**Assignment**
Below are some records. Write out the lines from the one containing "Women Zip Up" to the last line, word for word, leaving out pictures.

**Records provided**
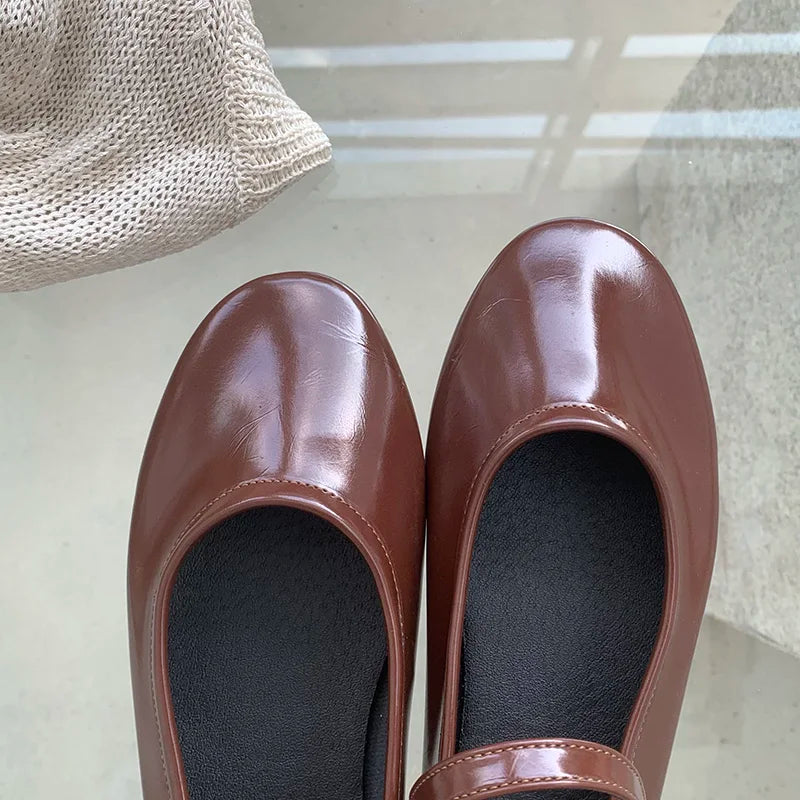 Lizakosht New Spring Korea Flats Women Shoes Fashion Mary Jane Shoes Round Toe Hook Loop Women's Shoes Retro PU Flats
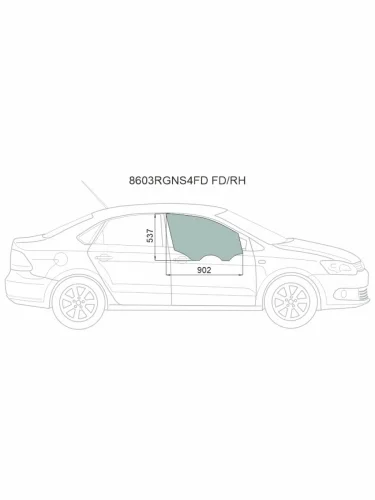 Стекло боковое опускное (Спереди Справа Цвет зеленый) Skoda Rapid 20-  Volkswagen Polo 09-20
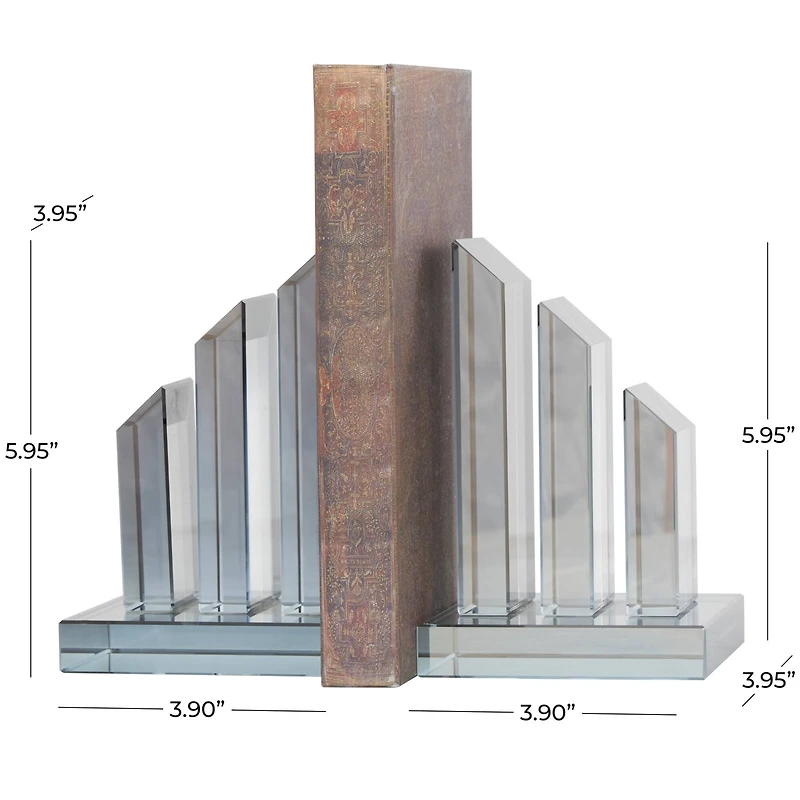 6" Silver Crystal Geometric Pyramid Bookends Set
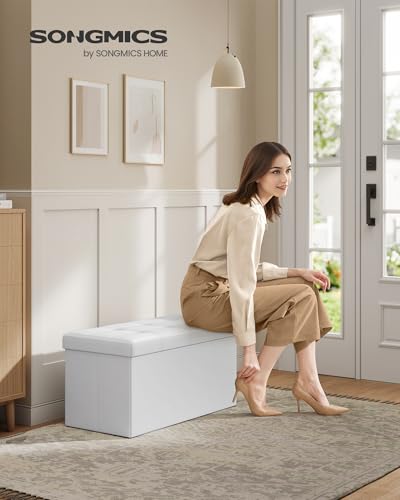 Image of SONGMICS MAZIE Collection - 30 Inches Folding Storage Ottoman Bench, Ottoman with Storage, Foot Rest Stool, Load 660 lb, for Living Room, Synthetic Leather, White ULSF106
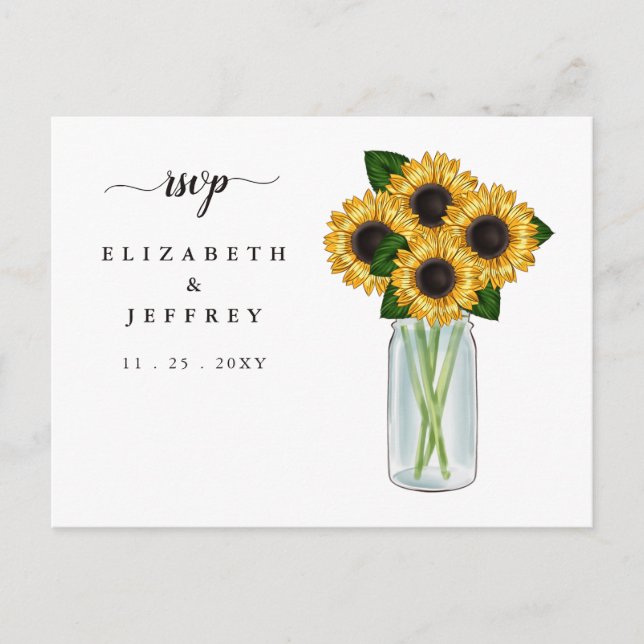 Rustic Mason Jar Sunflowers RSVP Postcard (Front)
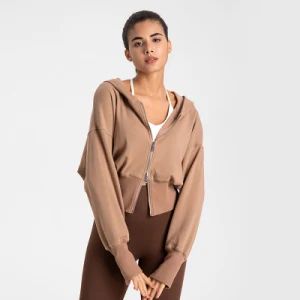 Women Zip Up Top RayonSpandex Pure Colour Athletic Yoga Top 15D MOQ100 - Dongguan Ume Trade Co., Ltd. - China
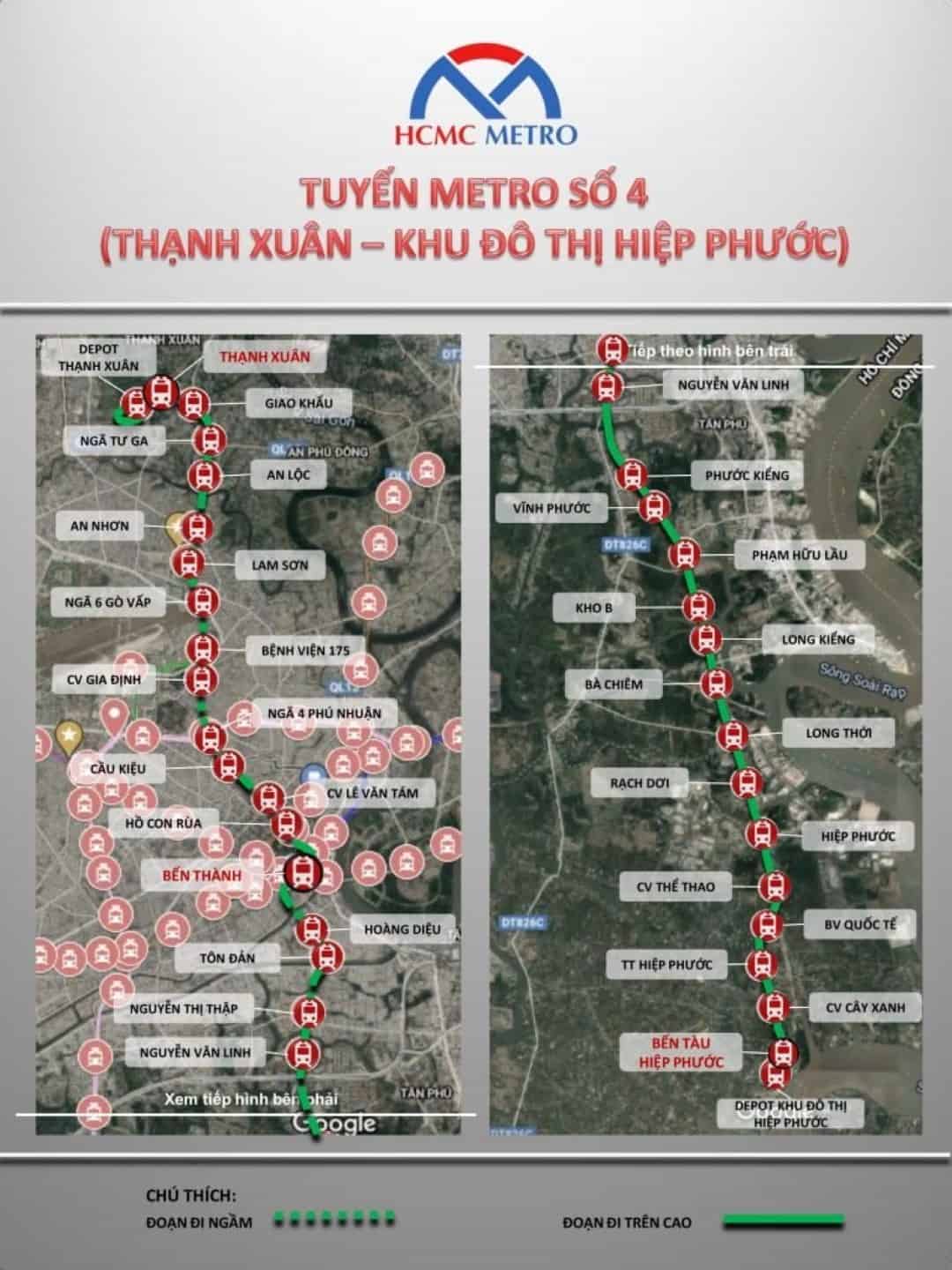 Thông tin quy hoạch và lộ trình tuyến Metro số 4 tại TP.HCM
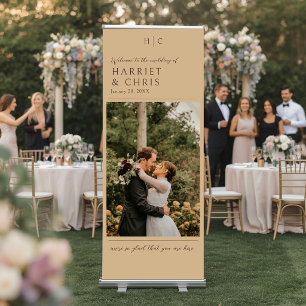 Elegant Vintage Photo Wedding Welcome Retractable Banner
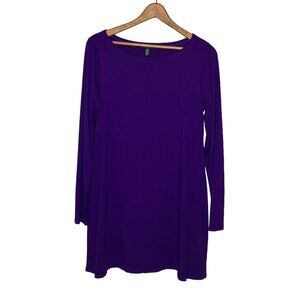 Eileen Fisher Medium M‎ Purple Long Sleeve Viscose Stretch Knit Side Slit Tunic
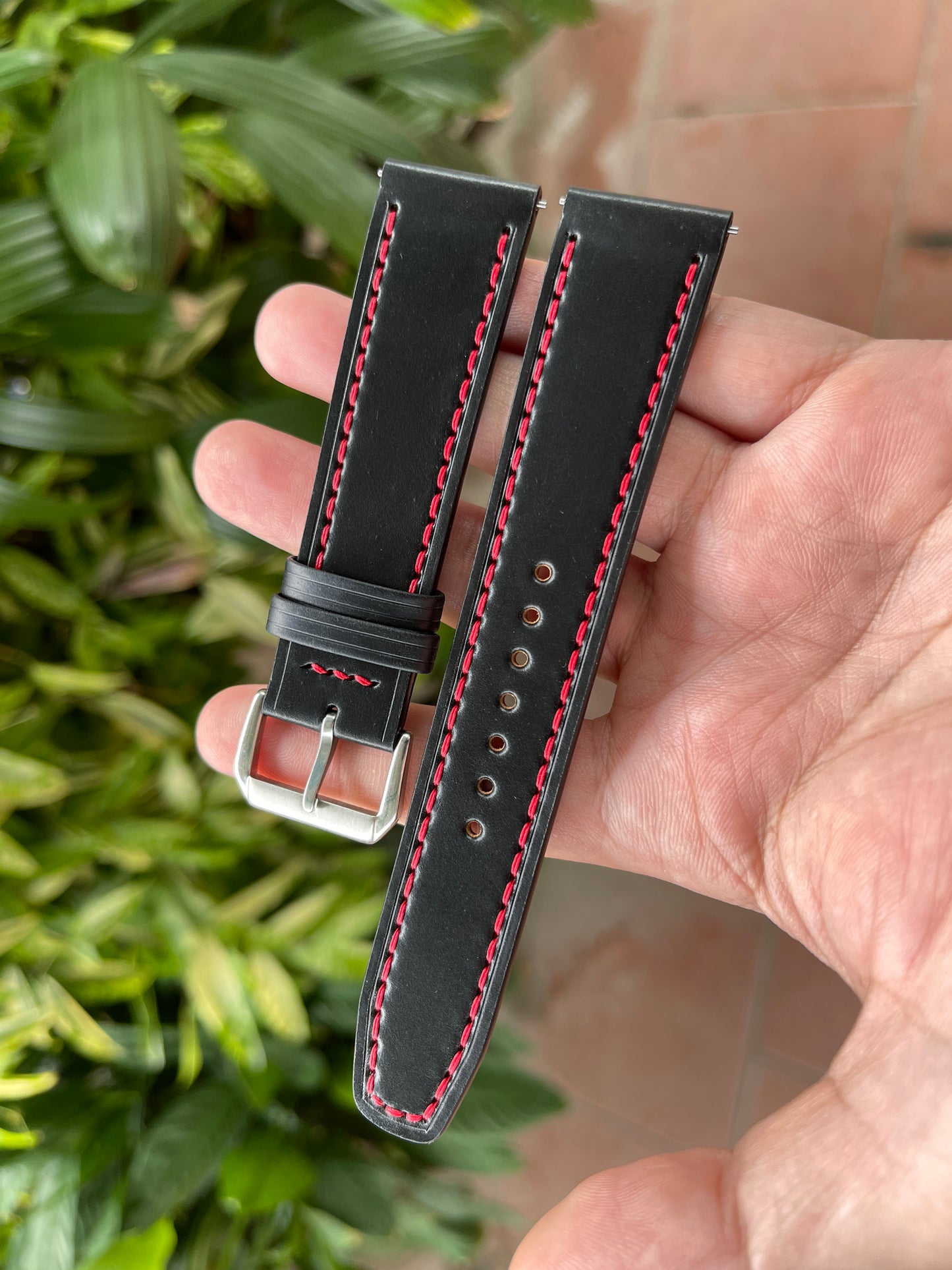 Black Horween Shell Cordovan Leather Watch Strap: Quick Release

**Answer for this exercise**
 Women Zip Up Top RayonSpandex Pure Colour Athletic Yoga Top 15D MOQ100 - Dongguan Ume Trade Co., Ltd. - China
 Thông tin quy hoạch và lộ trình tuyến Metro số 4 tại TP.HCM
 Elegant Vintage Photo Wedding Welcome Retractable Banner
 Eileen Fisher Medium M‎ Purple Long Sleeve Viscose Stretch Knit Side Slit Tunic
 Black Horween Shell Cordovan Leather Watch Strap: Quick Release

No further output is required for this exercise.